Size of dataset (unfiltered): 143258
Size of dataset after removing rows without box office value: 12528
Size of dataset before removing outliers (in rows): 12528
Size of dataset after removing outliers (in rows): 10626


In [43]:
#Heatmap to compare correlation:
correlation = df[['audienceScore','tomatoMeter','boxOffice']].corr()
plt.figure(figsize=(6,5))
sns.heatmap(correlation, annot=True, cmap='coolwarm', fmt=".2f")
plt.title('Correlation Heatmap for Box Office - Audience & Critic Scores ')
plt.savefig('/content/drive/MyDrive/DSA2025Spring/ScoreVsBoxOfficeResults/heatmap_correlation_boxoffice.png')
plt.close()

#Regression plots
plt.figure(figsize=(16,14))
sns.regplot(x='audienceScore', y='boxOffice', data=df, line_kws={'color': 'red'}, scatter_kws={'color':'#71b3ee','alpha': 0.5})
plt.title('Audience Score vs Box Office Revenue')
plt.savefig('/content/drive/MyDrive/DSA2025Spring/ScoreVsBoxOfficeResults/plot_audience_boxoffice.png')
plt.close()

plt.figure(figsize=(16,14))
sns.regplot(x='tomatoMeter', y='boxOffice', data=df, line_kws={'color': 'red'}, scatter_kws={'color':'#5d9978','alpha': 0.5})
plt.title('Critic Score vs Box Office Revenue')
plt.savefig('/content/drive/MyDrive/DSA2025Spring/ScoreVsBoxOfficeResults/plot_critic_boxoffice.png')
plt.close()

correlation.to_csv('/content/drive/MyDrive/DSA2025Spring/ScoreVsBoxOfficeResults/correlation_results.csv')

#Hypothesis Testing
def pvalueTest(pValue):
  if pValue < 0.05:
    print("P value is less than 0.05. The null hypothesis is rejected.

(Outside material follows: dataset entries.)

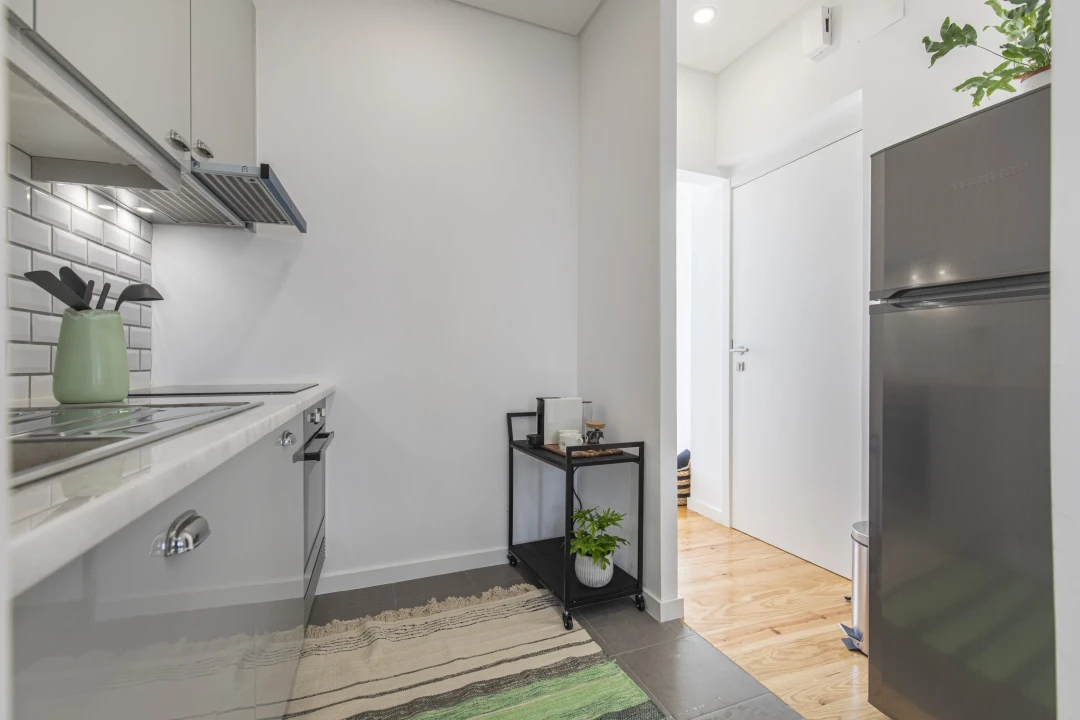 Prédio para Venda em São Vicente Foto 28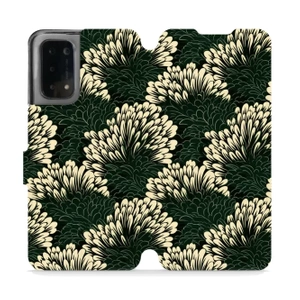 Phone Case OPPO A54 5G - Design VA45S
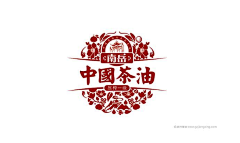 6--love--10采集到LOGO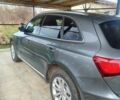 Сірий Ауді Ку 5, об'ємом двигуна 1.98 л та пробігом 157 тис. км за 15800 $, фото 17 на Automoto.ua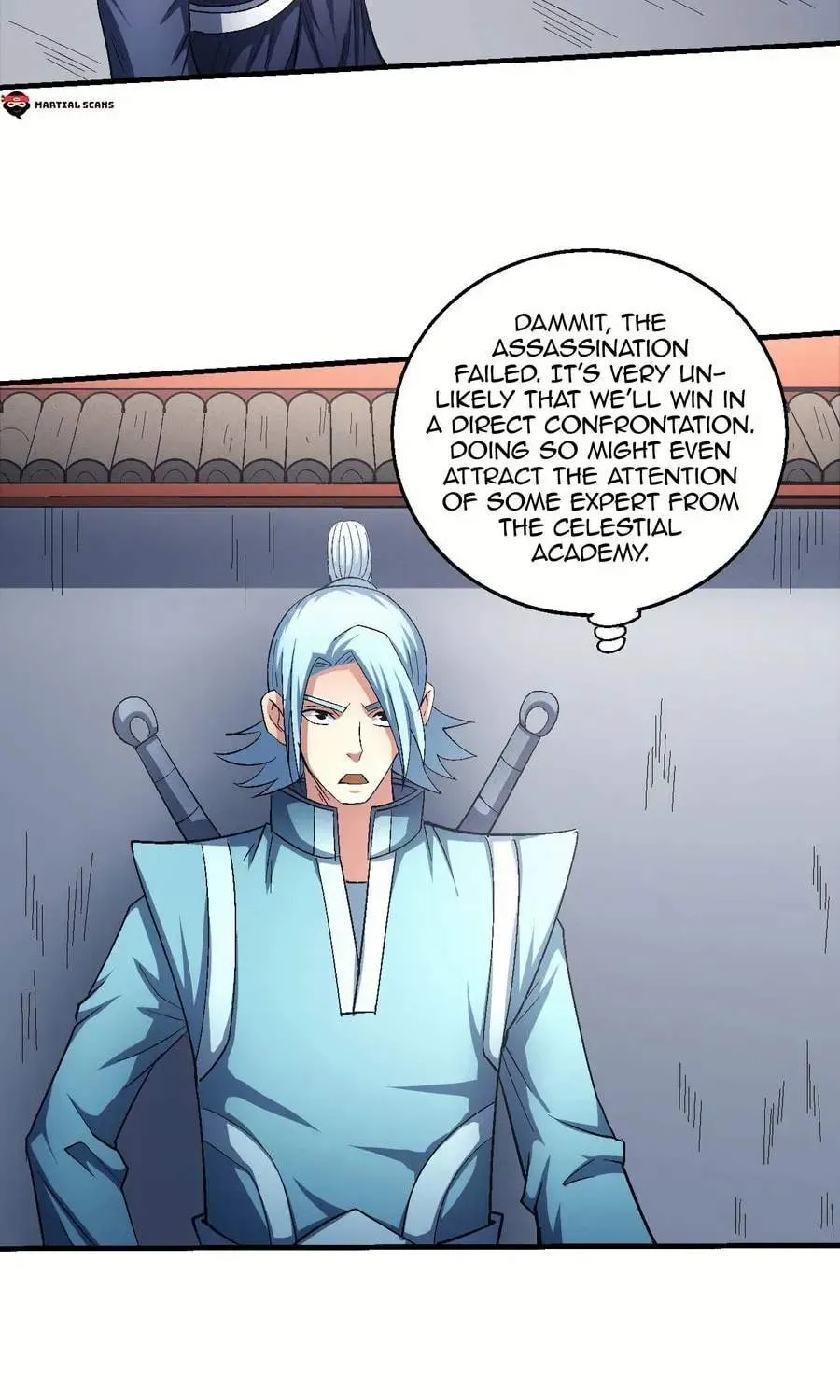 Chapter 247 — page 5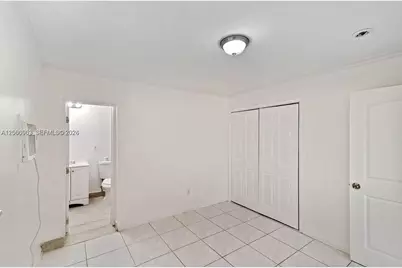 17200 NW 51st Pl #B, Miami Gardens, FL 33055 - Photo 5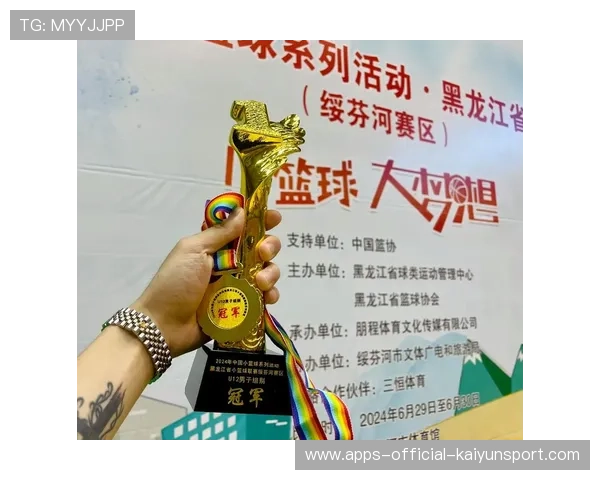 篮球在中国家庭多孩结构中的活动组织特点,篮球在我国的地位 篮球在中国家庭多孩结构中的活动组织特点,篮球在我国的地位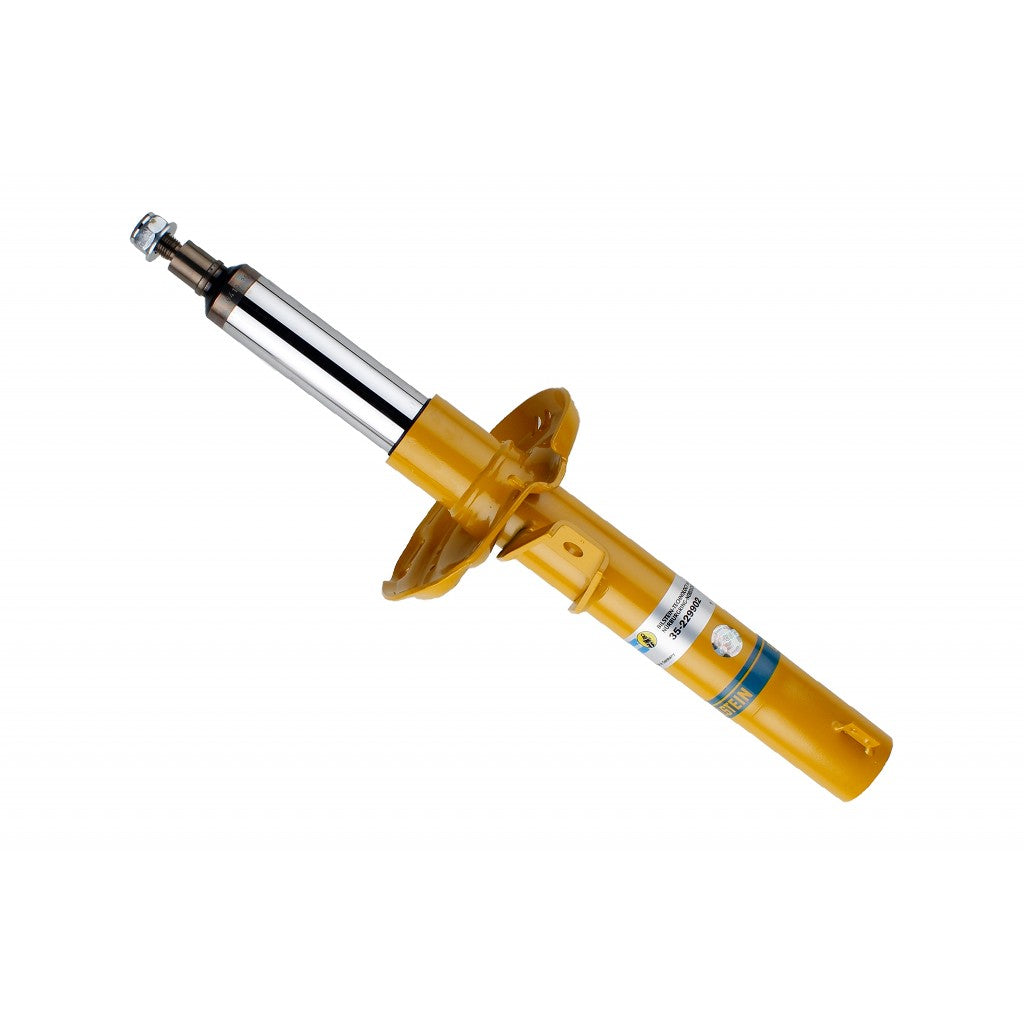 BILSTEIN 46-189738 Комплект підвіски Pro-Kit B12 (R4) для AUDI A5 (8T) Photo-3 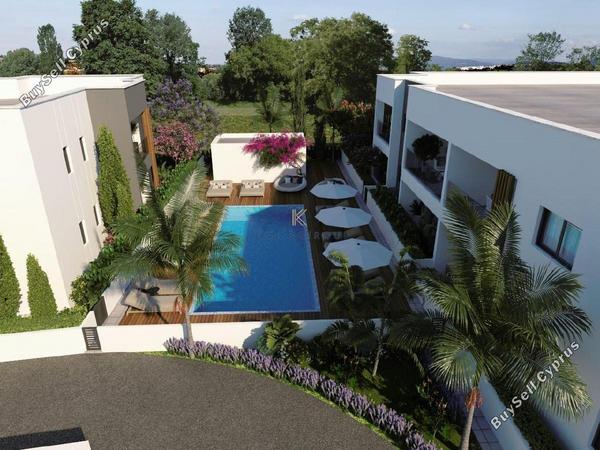 2 bedroom apartment for sale xylofagou larnaca 1572736 image 5700101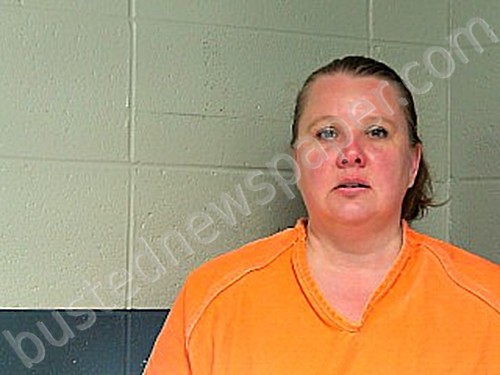 SHEFFLER, CLARINDA #, Woodford County, Kentucky - 2022-05-13 20:08:22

There is a significant relationship between the values.")
  else:
    print("P value is more than or equal to 0.05. The null hypothesis cannot be rejected. There is no significant relationship between the values.")

#Pearson Correlation to compare the correlation between critic score & box office revenue to the one between audience score & box office revenue
import scipy.stats as stats
rCritic, pValueCritic = stats.pearsonr(df['tomatoMeter'], df['boxOffice'])
print("Correlation between Critic Score and Box Office Revenue:", rCritic)
print("P-value:", pValueCritic)
pvalueTest(pValueCritic)

rAudience, pValueAudience = stats.pearsonr(df['audienceScore'], df['boxOffice'])
print("Correlation between Audience Score and Box Office Revenue:", rAudience)
print("P-value:", pValueAudience)
pvalueTest(pValueAudience)

Correlation between Critic Score and Box Office Revenue: -0.24415258620083363
P-value: 5.145165271420907e-144
P value is less than 0.05. The null hypothesis is rejected. There is a significant relationship between the values.
Correlation between Audience Score and Box Office Revenue: -0.0901669691353097
P-value: 1.248400337443627e-20
P value is less than 0.05. The null hypothesis is rejected. There is a significant relationship between the values.